If a passenger is predicted to survive, the price is $500.
If a passenger is predicted to perish, the price is $5,000.

Please discuss the following questions:

As we saw above, the model is more likely to incorrectly predict male passengers to perish, and more likely to incorrectly predict female passengers to survive. As a result, the insurance prices for men are significantly higher. Does your insurance scheme have an anti-male bias? Please consider both of the following points of view: - No, there is no bias because the model is simply doing its best to replicate the patterns found in the data. It’s not the model’s fault that men tended not to survive the crash! - Yes, there is bias because the model is creating higher prices for men on the basis of information that includes their sex.
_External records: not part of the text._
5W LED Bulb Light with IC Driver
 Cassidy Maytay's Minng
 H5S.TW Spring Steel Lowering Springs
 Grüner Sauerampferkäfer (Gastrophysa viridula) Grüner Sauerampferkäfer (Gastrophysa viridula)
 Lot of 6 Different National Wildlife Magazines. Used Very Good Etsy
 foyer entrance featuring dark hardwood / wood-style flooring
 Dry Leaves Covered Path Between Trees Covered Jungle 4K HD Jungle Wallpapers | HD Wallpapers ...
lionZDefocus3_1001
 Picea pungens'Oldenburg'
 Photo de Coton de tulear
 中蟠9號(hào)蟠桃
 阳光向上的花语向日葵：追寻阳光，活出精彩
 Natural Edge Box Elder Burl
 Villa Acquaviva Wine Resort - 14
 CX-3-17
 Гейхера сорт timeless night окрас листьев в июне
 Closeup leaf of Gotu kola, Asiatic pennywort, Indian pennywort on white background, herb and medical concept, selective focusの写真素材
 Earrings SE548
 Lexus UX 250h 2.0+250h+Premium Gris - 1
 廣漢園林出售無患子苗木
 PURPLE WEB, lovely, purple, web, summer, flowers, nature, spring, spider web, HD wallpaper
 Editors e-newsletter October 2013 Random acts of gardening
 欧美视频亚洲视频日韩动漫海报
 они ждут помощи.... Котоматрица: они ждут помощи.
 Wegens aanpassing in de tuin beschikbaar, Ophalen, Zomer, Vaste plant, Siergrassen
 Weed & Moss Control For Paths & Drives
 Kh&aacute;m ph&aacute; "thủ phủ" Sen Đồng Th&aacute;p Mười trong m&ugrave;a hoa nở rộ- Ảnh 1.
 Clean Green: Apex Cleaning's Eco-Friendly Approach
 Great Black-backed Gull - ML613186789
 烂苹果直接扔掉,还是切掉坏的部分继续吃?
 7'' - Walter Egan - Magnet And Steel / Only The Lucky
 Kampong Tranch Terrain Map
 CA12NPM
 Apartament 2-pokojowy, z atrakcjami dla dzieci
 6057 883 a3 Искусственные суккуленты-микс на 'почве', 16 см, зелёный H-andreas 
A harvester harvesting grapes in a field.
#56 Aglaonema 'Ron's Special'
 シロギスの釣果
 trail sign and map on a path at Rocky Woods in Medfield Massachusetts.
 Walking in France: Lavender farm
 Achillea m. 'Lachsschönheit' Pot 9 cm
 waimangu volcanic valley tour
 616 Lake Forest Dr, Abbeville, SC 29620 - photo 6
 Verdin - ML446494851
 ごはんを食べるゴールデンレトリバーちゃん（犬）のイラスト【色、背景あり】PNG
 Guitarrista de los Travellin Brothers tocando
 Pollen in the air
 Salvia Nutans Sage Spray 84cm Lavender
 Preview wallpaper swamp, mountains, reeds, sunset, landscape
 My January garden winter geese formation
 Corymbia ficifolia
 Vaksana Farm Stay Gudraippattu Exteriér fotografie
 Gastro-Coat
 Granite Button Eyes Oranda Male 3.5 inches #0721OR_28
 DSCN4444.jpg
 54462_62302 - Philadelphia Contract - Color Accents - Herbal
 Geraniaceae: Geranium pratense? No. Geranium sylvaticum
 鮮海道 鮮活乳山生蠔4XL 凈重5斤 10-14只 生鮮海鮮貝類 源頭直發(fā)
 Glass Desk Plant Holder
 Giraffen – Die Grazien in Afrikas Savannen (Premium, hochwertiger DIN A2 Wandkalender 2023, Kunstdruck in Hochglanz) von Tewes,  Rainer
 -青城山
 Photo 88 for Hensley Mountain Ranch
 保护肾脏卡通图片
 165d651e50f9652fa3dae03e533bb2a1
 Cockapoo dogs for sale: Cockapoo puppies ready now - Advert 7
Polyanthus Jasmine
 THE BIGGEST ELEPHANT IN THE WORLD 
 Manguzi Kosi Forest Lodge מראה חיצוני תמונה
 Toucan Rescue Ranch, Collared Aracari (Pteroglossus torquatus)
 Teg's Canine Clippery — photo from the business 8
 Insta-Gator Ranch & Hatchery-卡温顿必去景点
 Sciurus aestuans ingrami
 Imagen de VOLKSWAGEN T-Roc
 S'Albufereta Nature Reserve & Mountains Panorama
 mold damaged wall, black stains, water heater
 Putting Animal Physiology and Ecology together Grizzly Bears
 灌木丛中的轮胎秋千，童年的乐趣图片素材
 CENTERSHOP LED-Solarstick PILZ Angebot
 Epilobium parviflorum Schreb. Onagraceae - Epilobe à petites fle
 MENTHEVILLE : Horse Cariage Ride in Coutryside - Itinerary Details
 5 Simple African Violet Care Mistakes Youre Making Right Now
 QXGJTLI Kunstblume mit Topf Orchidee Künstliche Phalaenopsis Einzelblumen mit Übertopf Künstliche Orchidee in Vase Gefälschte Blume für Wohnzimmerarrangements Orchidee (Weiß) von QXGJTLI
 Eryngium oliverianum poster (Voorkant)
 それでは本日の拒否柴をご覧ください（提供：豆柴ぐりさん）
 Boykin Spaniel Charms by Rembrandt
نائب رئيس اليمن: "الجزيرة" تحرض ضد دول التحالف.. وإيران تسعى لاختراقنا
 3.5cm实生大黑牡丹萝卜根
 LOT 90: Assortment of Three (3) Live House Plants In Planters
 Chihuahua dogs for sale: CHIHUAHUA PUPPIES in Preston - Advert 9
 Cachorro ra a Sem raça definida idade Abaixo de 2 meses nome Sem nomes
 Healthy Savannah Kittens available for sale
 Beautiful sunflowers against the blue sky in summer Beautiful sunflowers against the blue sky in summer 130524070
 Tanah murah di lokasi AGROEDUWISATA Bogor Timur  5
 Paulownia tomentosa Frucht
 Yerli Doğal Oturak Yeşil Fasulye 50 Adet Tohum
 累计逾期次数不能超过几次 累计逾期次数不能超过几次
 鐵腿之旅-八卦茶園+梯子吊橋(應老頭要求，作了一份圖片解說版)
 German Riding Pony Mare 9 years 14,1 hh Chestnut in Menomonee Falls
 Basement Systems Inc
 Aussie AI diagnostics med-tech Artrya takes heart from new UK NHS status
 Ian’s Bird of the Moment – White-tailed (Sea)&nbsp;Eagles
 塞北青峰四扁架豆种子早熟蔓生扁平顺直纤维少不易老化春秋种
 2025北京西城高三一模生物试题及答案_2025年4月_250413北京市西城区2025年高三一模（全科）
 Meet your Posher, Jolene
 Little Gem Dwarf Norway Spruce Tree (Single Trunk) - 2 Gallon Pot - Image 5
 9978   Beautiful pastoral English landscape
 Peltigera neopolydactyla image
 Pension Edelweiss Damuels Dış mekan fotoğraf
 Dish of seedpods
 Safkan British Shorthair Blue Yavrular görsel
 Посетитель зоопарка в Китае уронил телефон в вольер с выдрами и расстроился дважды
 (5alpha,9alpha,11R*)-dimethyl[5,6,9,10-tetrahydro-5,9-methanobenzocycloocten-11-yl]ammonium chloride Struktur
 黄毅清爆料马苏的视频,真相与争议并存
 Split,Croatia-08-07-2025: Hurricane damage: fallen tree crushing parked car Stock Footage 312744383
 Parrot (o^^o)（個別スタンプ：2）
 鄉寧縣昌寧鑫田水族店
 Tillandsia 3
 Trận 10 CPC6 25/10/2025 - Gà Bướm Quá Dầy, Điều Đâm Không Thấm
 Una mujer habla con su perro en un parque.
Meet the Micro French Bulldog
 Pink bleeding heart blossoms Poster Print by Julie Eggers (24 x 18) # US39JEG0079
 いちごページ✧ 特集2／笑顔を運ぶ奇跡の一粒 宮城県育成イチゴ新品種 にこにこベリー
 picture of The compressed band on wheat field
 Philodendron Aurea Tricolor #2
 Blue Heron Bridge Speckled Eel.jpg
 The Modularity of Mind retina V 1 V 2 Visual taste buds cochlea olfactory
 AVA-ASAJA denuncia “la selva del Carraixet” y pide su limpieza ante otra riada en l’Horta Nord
Suppose now that we train and evaluate a version of the model that doesn’t include passenger sex at all:

# versions of the training and test data with sex column removed
X_train_ = X_train.drop("Sex_male", axis = 1)
X_test_   = X_test.drop("Sex_male", axis = 1)

# fit the model
plr.fit(X_train_, y_train)

# extract a prediction
y_pred = plr.predict(X_test_)

# print confusion matrices
ix = X_test["Sex_male"] == 0
print("Female passengers:")
# print((y_test[ix] == y_pred[ix]).mean())
print(confusion_matrix(y_test[ix], y_pred[ix], normalize = "true"))
print("")

ix = X_test["Sex_male"] == 1
print("Male passengers:")
# print((y_test[ix] == y_pred[ix]).mean())
print(confusion_matrix(y_test[ix], y_pred[ix], normalize = "true"))
print("")

Female passengers:
[[0.9        0.1       ]
 [0.46938776 0.53061224]]

Male passengers:
[[0.82978723 0.17021277]
 [0.46666667 0.53333333]]

This looks more even, but now we have a different discrepancy: male passengers are more likely than female passengers to be incorrectly predicted to survive, so now the male insurance prices are lower than the female ones. Discuss the following two propositions:

This version of the model cannot have gender bias because gender was not a feature on which the model was trained.
This version of the model still has gender bias because it leads to higher insurance prices for men.